• **What the task asks**
When a line in the entries below contains "Toyota", tally it; give the tally with nothing added.

• **Available data**
==================================================

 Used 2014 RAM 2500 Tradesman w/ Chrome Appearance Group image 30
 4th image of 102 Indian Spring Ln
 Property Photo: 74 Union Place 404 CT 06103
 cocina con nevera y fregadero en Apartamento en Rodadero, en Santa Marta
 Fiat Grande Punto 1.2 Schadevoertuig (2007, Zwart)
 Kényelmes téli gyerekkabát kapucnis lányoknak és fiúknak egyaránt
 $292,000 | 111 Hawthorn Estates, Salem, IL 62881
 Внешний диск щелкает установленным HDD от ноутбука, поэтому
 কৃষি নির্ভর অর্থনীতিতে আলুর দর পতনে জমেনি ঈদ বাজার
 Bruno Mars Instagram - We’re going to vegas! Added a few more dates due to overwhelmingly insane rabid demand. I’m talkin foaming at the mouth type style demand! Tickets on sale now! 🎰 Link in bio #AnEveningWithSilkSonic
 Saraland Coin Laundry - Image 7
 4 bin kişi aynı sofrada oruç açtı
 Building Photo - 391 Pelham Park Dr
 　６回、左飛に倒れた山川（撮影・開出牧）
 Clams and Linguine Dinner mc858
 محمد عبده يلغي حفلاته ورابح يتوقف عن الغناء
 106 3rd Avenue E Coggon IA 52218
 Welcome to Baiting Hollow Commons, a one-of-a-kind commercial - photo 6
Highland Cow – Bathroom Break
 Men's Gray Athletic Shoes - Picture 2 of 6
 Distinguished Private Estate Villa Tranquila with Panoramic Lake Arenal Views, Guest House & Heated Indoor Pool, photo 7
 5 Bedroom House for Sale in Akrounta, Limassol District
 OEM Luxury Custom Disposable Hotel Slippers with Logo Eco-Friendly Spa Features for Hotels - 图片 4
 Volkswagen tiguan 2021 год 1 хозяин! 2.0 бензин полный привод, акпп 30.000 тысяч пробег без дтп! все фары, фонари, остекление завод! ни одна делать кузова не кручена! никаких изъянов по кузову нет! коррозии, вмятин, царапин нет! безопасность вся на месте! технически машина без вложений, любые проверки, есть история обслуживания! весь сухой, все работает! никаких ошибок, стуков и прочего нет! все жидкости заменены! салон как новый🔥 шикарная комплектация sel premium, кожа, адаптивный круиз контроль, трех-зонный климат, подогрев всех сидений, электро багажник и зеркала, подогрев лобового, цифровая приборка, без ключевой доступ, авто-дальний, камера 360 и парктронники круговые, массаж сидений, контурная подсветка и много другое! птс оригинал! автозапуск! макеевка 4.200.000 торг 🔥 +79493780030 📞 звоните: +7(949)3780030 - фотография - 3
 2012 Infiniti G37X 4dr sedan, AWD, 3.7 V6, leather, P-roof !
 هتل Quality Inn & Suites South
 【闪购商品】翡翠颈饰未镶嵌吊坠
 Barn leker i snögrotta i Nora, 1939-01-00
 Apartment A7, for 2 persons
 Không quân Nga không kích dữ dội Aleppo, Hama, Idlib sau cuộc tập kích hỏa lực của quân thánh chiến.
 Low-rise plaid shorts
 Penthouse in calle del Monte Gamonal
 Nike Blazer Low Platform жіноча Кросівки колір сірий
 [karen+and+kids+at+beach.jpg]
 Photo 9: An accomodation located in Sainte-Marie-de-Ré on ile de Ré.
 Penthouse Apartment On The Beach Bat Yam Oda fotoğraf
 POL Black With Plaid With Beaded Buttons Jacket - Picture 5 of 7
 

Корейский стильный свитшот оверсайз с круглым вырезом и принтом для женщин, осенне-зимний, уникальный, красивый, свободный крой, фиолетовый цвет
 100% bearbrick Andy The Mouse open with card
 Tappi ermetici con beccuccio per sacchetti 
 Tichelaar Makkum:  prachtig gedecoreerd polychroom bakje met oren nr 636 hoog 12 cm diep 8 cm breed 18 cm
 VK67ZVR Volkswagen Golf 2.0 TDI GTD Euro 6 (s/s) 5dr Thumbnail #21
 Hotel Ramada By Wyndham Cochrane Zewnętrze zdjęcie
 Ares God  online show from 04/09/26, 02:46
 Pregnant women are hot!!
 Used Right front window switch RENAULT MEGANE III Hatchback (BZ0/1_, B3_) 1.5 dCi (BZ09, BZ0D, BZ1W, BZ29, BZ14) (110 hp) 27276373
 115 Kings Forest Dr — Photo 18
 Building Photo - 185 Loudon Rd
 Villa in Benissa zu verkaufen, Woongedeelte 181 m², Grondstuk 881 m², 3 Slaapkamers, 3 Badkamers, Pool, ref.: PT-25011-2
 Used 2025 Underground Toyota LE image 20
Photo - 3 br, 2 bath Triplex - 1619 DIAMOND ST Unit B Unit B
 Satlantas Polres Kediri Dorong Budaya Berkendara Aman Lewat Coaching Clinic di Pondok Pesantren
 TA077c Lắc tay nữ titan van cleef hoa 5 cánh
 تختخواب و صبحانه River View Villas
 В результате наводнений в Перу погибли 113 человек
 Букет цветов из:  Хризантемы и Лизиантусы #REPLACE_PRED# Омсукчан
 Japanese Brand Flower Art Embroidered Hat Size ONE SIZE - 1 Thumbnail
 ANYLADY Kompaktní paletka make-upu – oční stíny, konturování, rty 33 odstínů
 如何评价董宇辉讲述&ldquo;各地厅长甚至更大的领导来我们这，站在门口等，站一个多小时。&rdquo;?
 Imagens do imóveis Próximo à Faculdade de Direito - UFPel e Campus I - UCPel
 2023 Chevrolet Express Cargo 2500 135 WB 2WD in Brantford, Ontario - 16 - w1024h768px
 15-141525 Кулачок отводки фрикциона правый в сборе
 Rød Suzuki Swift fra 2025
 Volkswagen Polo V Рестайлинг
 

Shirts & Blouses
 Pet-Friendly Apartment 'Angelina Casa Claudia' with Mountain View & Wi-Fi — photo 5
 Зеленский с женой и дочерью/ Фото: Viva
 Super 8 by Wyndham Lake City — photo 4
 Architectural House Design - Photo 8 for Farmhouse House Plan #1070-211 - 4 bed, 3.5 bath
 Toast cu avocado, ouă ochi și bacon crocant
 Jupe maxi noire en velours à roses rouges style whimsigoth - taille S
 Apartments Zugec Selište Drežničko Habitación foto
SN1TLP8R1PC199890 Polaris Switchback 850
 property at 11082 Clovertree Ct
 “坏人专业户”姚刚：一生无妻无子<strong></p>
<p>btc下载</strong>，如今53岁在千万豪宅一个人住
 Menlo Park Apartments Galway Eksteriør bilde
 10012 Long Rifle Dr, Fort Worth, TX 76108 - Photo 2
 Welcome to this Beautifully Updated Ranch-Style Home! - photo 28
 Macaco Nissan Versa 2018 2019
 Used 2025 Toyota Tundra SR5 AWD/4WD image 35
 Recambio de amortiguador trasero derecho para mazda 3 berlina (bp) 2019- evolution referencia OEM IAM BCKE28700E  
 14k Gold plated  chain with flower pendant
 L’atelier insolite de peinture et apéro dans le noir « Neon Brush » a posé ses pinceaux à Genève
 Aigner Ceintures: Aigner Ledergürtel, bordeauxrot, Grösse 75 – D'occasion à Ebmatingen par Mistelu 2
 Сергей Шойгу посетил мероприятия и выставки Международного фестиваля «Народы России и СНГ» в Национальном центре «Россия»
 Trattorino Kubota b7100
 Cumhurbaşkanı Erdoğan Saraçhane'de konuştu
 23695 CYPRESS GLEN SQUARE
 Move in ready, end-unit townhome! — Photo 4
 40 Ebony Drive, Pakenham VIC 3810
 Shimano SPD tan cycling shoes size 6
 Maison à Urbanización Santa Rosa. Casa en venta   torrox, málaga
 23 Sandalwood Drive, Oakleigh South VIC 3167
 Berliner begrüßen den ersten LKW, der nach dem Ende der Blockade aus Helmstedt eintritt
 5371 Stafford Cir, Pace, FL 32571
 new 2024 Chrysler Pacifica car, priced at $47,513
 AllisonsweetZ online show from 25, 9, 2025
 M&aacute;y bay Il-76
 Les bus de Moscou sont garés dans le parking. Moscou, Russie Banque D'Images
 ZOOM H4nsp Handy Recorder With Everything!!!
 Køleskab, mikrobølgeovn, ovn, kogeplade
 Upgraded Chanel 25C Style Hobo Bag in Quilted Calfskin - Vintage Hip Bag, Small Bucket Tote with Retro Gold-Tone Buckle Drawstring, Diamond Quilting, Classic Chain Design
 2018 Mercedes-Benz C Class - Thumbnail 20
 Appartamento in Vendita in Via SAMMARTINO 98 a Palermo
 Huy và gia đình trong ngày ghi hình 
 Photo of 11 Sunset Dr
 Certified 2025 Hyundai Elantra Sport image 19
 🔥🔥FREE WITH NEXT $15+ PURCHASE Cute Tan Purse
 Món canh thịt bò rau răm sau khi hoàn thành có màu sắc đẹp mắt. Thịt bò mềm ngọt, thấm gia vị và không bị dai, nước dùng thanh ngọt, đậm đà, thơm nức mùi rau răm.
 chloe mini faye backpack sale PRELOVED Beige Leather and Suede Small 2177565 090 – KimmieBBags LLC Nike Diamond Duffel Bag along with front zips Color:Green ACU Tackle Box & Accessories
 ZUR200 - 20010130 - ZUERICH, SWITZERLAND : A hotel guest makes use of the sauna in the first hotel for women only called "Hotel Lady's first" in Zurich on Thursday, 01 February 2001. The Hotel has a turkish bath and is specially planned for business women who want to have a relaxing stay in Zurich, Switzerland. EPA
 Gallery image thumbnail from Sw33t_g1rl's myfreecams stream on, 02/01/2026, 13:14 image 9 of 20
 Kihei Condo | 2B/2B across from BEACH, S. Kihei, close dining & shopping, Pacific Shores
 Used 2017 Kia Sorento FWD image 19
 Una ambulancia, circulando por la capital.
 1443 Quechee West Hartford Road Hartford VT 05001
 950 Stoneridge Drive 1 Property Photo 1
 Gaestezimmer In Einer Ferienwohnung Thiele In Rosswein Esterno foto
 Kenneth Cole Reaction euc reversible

==================================================

• **Task solution**
2